Colton Lewis is a pretty simple guy.

The Vestavia Hills High School senior more or less lives on the diamond, whether he’s playing with his high school baseball team, his travel team or he’s taking batting practice from his grandfather.

“Baseball has been my life since I started playing it,” Lewis said. “I love it and can’t get enough of it.”

Lewis realized early in life that the game of baseball was of paramount importance to him. He fondly remembers his grandfather, Bud Mollison, taking him to the ballpark to get extra cuts as a youngster. It’s a tradition that is still ongoing.

“We would just go to the field and start hitting,” Lewis recalled. “I loved it from the get-go. Every night, I remember we’d go up to the fields and take practice. It was fun.”

Jamie Harris, Lewis’ coach at Vestavia Hills, helps coach his son’s youth football team in the offseason.
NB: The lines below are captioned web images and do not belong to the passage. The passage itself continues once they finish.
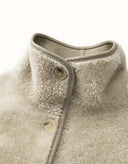 EVERAU®  Vanea Jacket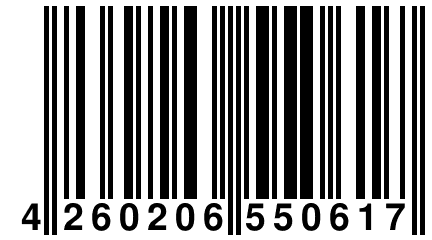 4 260206 550617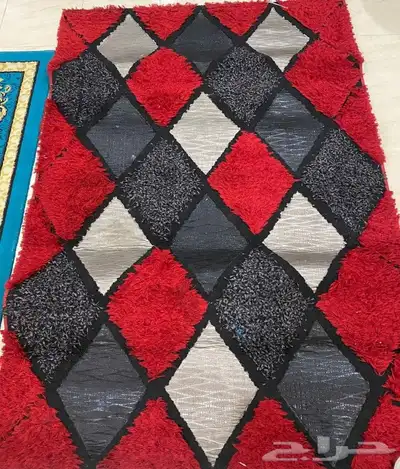 اثاث للبيع 3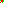 Destellos dst-126025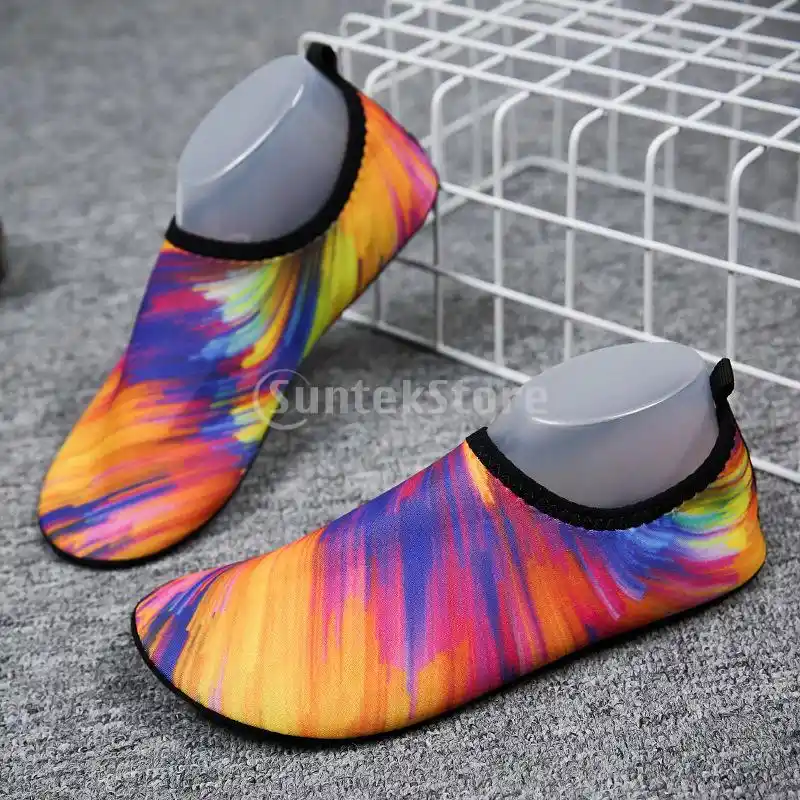 asics preto com dourado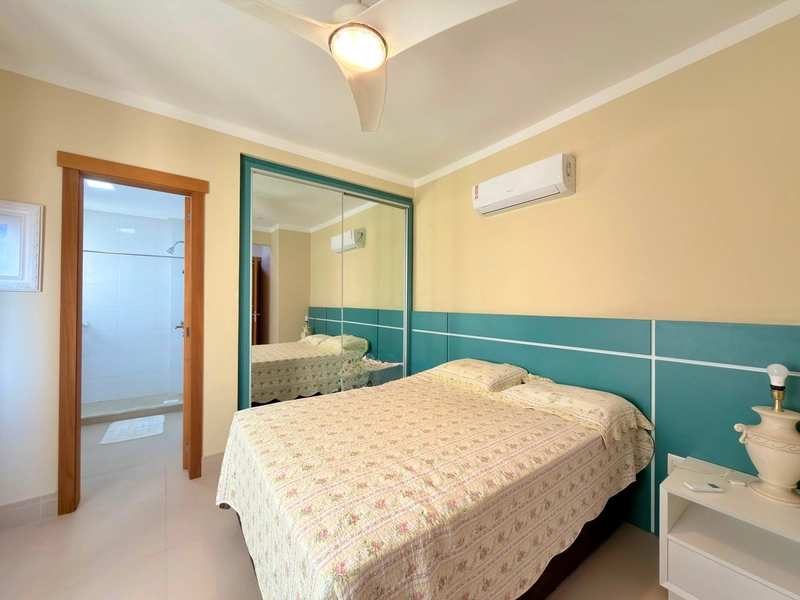 APARTAMENTO À VENDA! BAIRRO CENTRO: 16ª foto da galeria de imagens do imóvel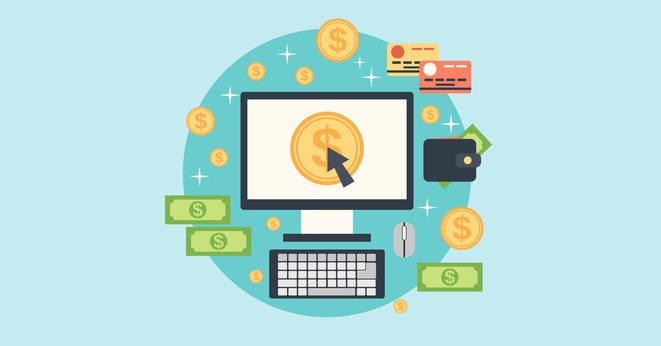 Como mensurar meu resultado de mídias pagas? 2 Mitos de Links Patrocinados e Mídia Paga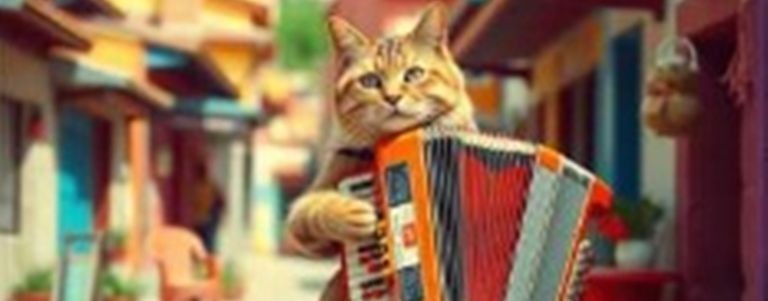 Виталий Ремесленик Проект Русское кантри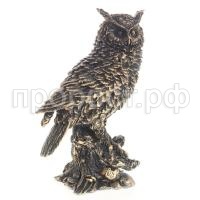 предметы интерьера_html_7238da5e9d35bb57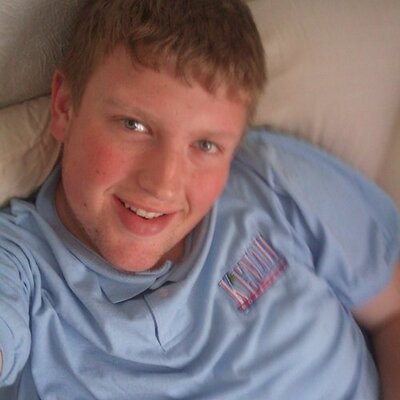Profile Picture of Mark Wojtkiewicz (@ShockTheWave) on Twitter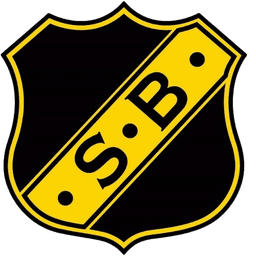 Skovsgaard Skovsgaard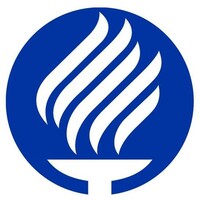 Educación continua Tec de Monterrey campus Querétaro logo - Similar company to Federación De Estudiantes Del Tec De Monterrey En Santa Fe (Fetec)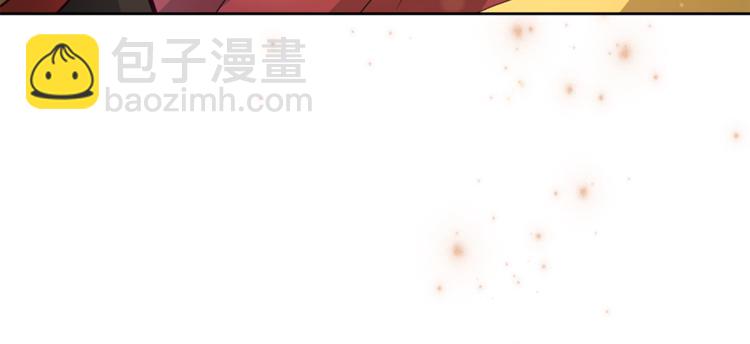 第59话 满身伤痕140
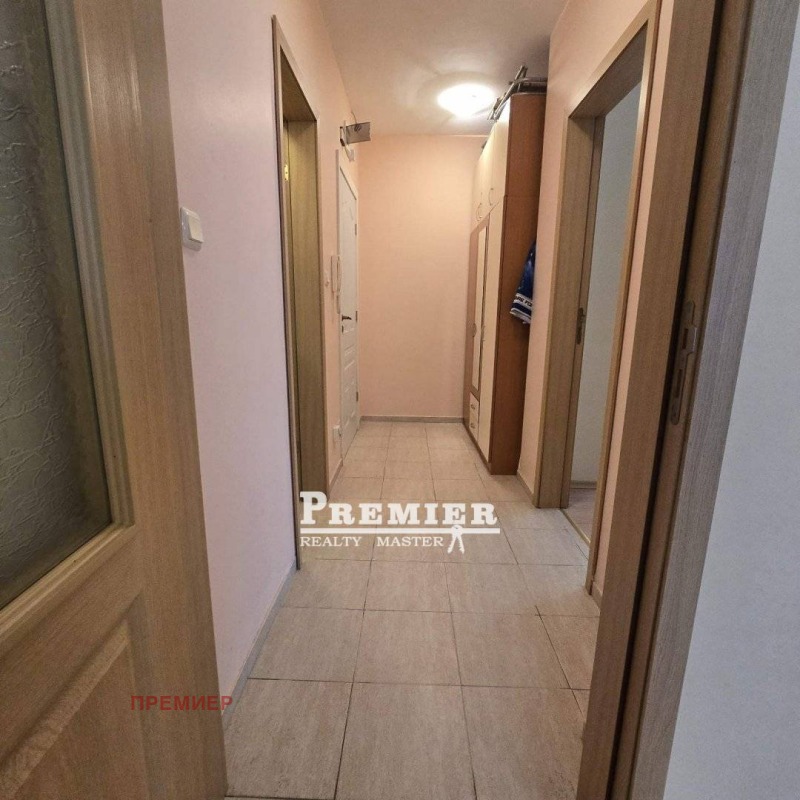 À venda  1 quarto região Burgas , k.k. Slantchev briag , 70 m² | 34740892 - imagem [8]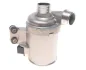 Насос водяной PIERBURG (702881660) изображение 7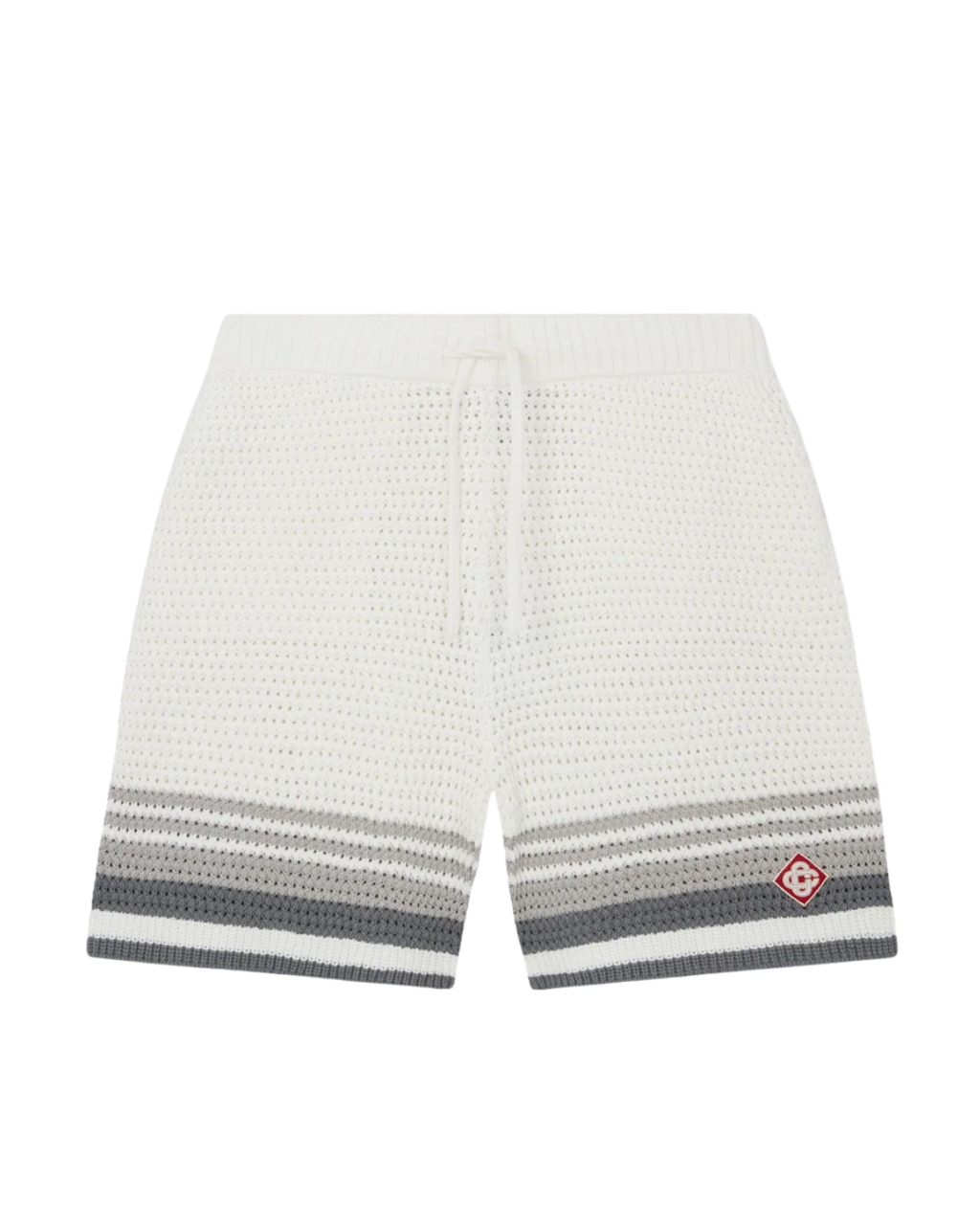 CB Shorts
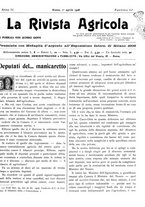 giornale/RML0031489/1908/unico/00000125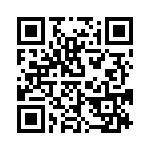 SY69952ZH-TR QRCode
There have been several instances his son has noticed a pitcher and batter at the other end of the field.

“You cannot go to Wald Park and be there for more than an hour without seeing them,” Harris said.

It’s that love of the game that has allowed Lewis to improve continually throughout his high school years. He primarily pitches and plays first base for the Rebels and is a key bat in the middle of the order.

“If everybody in our program was like him, we’d never lose a game,” Harris said. “He outworks everyone, plays hard, takes it serious and he enjoys the game and has a passion for the game.”

Because of all that, Lewis earned a baseball scholarship at Jacksonville State University and will likely pitch and play outfield for the Gamecocks. On the mound, Harris has seen Lewis’ velocity rise from 80 miles per hour to now being a left-handed arm that can touch 89 with a “wipeout” changeup and an improved breaking ball. 

His bat’s not bad either.

“He can literally drive the ball out of the park in any part of the park,” Harris said. “When he stays within himself and stays gap to gap, he’s an extra-base threat in any count.”

One of Lewis’ top baseball memories is scoring the winning run in a playoff game two years ago, when the Rebels advanced all the way to the Class 7A semifinals. 

But he wants to create a new favorite memory this season. 

He’s hopeful his senior class can help the Rebels claim their first state title since 2000, when they capped off a streak of nine in 10 years.

“It means a lot because so many great players came before us,” Lewis said of the importance of playing at a tradition-rich program like Vestavia Hills. “We know we have to respect them and play as hard as they did and hopefully get back to the winning ways.”

Lewis realizes this spring will be his final one playing with a core group of guys who have been together for over a decade, and he wants to go out the right way.

“It’s my last chance to play with all my friends and in front of this community,” he said. “I love Vestavia baseball. It’s really special to me.”